Some of my readers who know that I employ historical-critical methodologies in my Bible study may be surprised to know that one of my most useful books on the gospels is Darrel Bock’s Jesus according to Scripture: Restoring the Portrait from the Gospels.

There is a simple reason for this.  I believe that before you can properly understand a critical view of a passage, you have to understand the passage in relation to others, and know how it has been interpreted in the past.  Many people reject views of scripture without understanding them.  They reject chronologies based on the early geneaologies of Genesis 5 & 11, but have often never read them.  On the other hand, people reject source theories of the Pentateuch without actually being able to state the theories themselves.  In the gospels, many reject a reconciling approach to the various synoptic passages without every trying to do it.

Now in the end, I think the reconciliation of these passages tends to fail.  There’s no complete reconstruction that is actually historically probable, even if one allows miracles.  At the same time there are two benefits at least to checking out how passages are reconciled.  First, the church has used this approach for centuries, and it’s worthwhile understanding how it was done.  Second, attempting reconciliation helps fill out the complete picture of how a set of passages can relate.  Before you have done that, you are on questionable ground if you choose a particular understanding of the history of the passage in question.

So having spent that much time on why I want to do this occasionally, what does Bock have to say about this passage?

There are two elements that I’d like to mention.
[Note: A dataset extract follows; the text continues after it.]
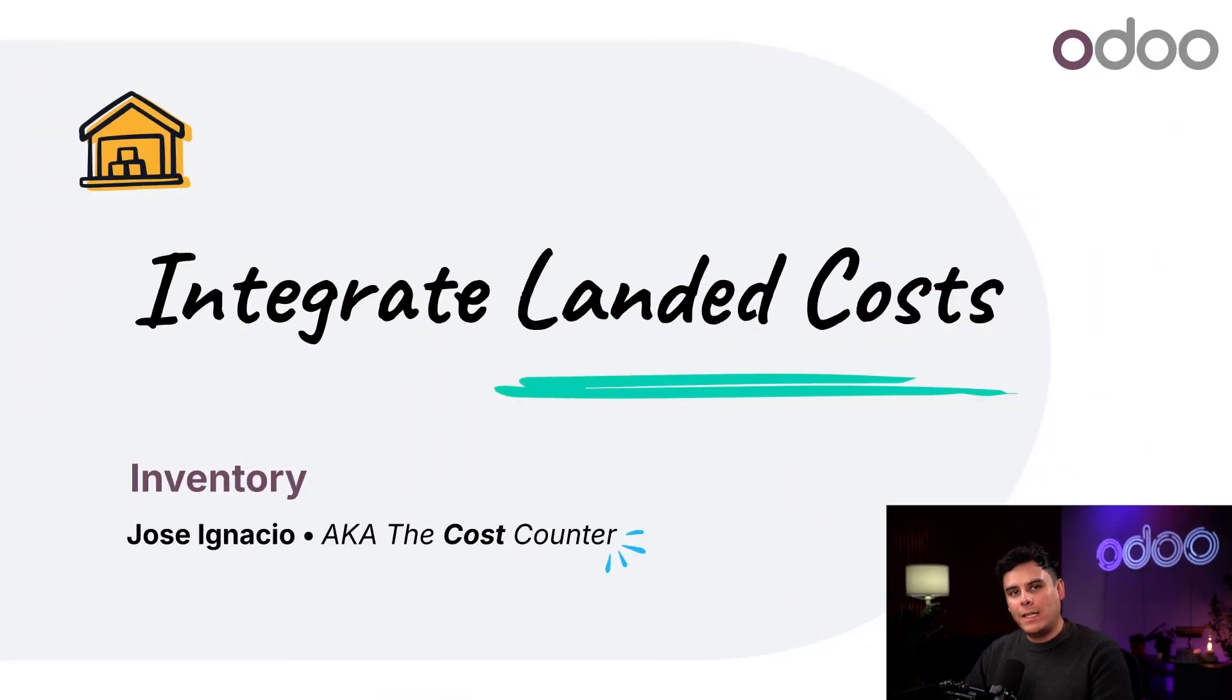Hello again, Odoers. My name is Jose Ignacio. Today, I want to give you the 411 on landed costs.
To get all the details you’ll need the book as he outlines the items where Matthew, Mark, and Luke differ on this passage. These differences are not that great.

The first issue is the authenticity of the story. For many historical Jesus scholars, it is a basic criterion of authenticity that Jesus never claims to be the Messiah during his lifetime. I think this is not so much a criterion as a conclusion, and it is a conclusion that is questionable at best. So I wouldn’t reject the authenticity of this saying on that basis. It clearly comes from a single source, i.e. all three gospels are working from the same material.
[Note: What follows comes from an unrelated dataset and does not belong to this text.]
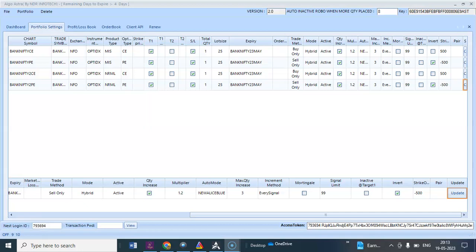Hello traders, hope you are doing great. Today's date is 19th May 2023. Let's see how our algo has performed.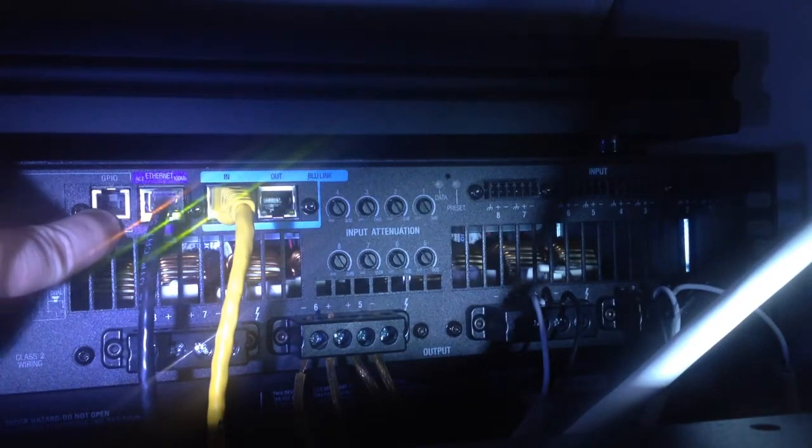Now we're going to take a look at the rear panel of the SDA8300 amplifier. From left to right, you can see here we've got the GPIO input, we've got Ethernet for communication.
Bock notes three reasons to regard this as authentic (p. 232):

  1. There is already a pattern of response that shows opposition. I would note that this indicates that Jesus was something more than an innocuous teacher; he roused opposition.
  2. There is the precendent of John the Baptist. In other words, it is not unreasonable for Jesus to expect that such a fate might await him if he continued his activity.
  3. The prediction itself presents an ambiguity. If you were creating a prediction after the fact, would you not make it a bit more ironclad?

While none of Bock’s reasons for regarding this as authentic are absolutely conclusive, they are suggestive, and again tend to make me question the certainty with which some scholars maintain that Jesus never made such a claim but that it was made for him after the fact.

The second area of interest is in the prediction that some there would not taste death. Bock points out the differences in the predictions. Mark says “the kingdom of God has come with power.” Luke simply says “the kingdom,” while Matthew says “Son of Man coming in his kingdom.” There is ambiguity here as well, though I think most hearers would interpret this as saying that there might be suffering now, but eventually the son of man would come in his kingdom. The disciples would have heard it as an early inkling that there would be a second appearing. There must be some other way to handle the meaning of the passage, such as the conditional nature of prophecy (Jonah, Jeremiah 18).